### Exercise goal
Produce an exact transcription of the data, with the images left out.

### Stored data
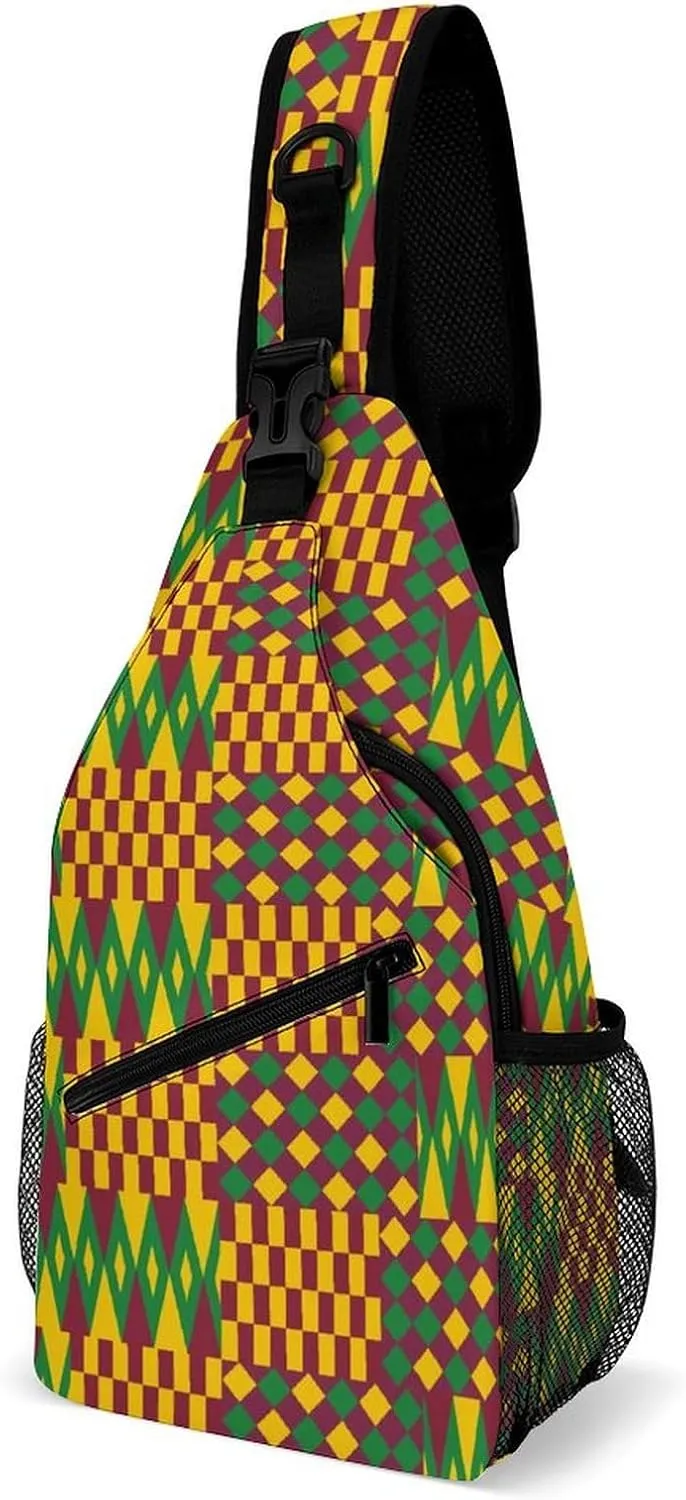 Geometric Patterns Sling Backpack, Crossbody Shoulder Bag, Chest Bags for Outdoor Travel Fitness, 38x20cm, Style-3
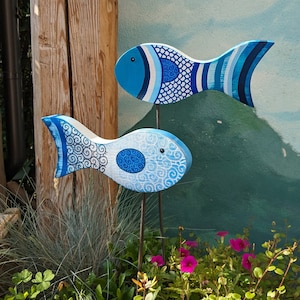 Grote vissen, blauw/witte maritieme unicaten, unicaten van sparrenhout, pluggen voor huis en tuin, cadeau-idee van Freudenbaum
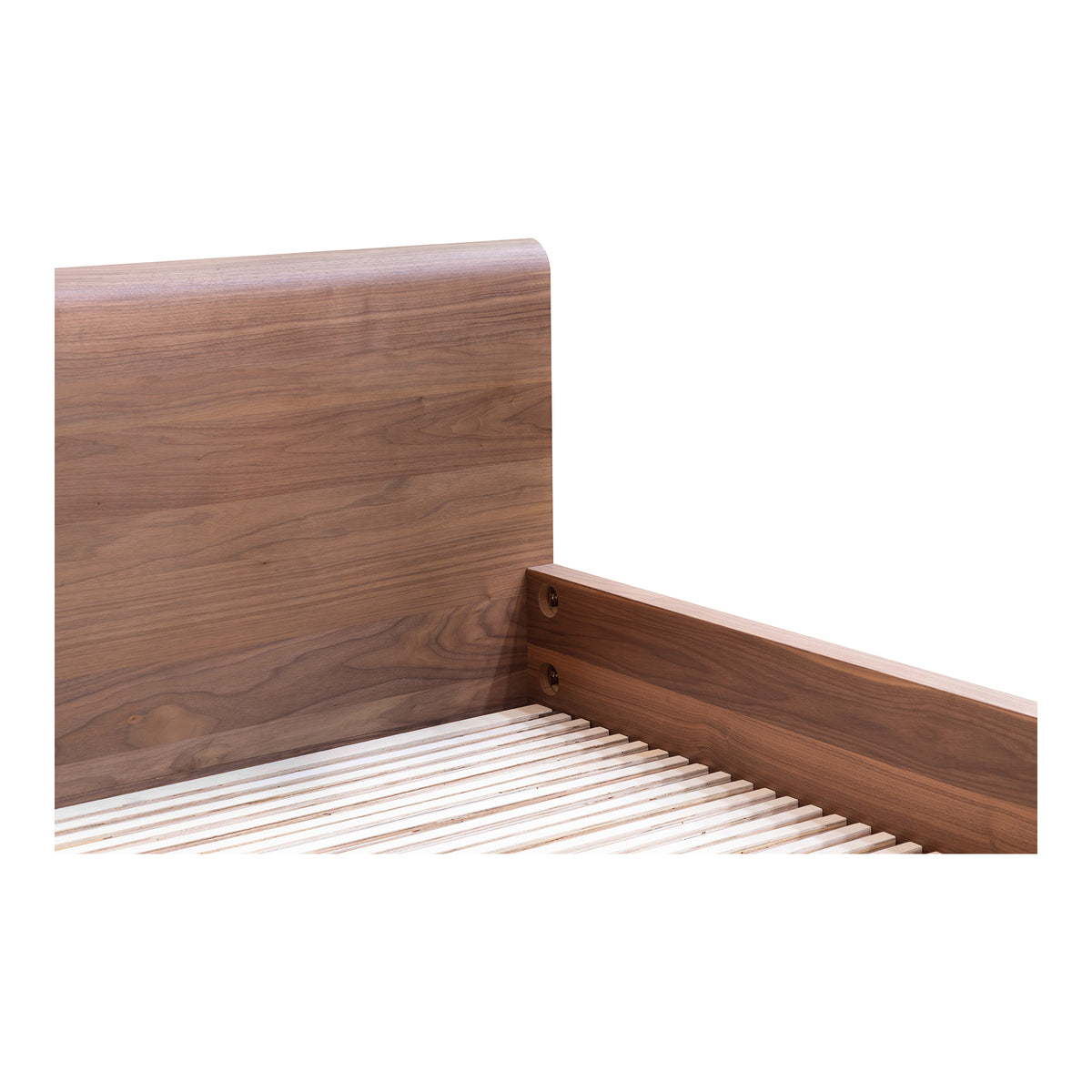 Round Off King Bed Walnut Brown by Moe's Home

### Answer for the task
 Geometric Patterns Sling Backpack, Crossbody Shoulder Bag, Chest Bags for Outdoor Travel Fitness, 38x20cm, Style-3
 Grote vissen, blauw/witte maritieme unicaten, unicaten van sparrenhout, pluggen voor huis en tuin, cadeau-idee van Freudenbaum
 Round Off King Bed Walnut Brown by Moe's Home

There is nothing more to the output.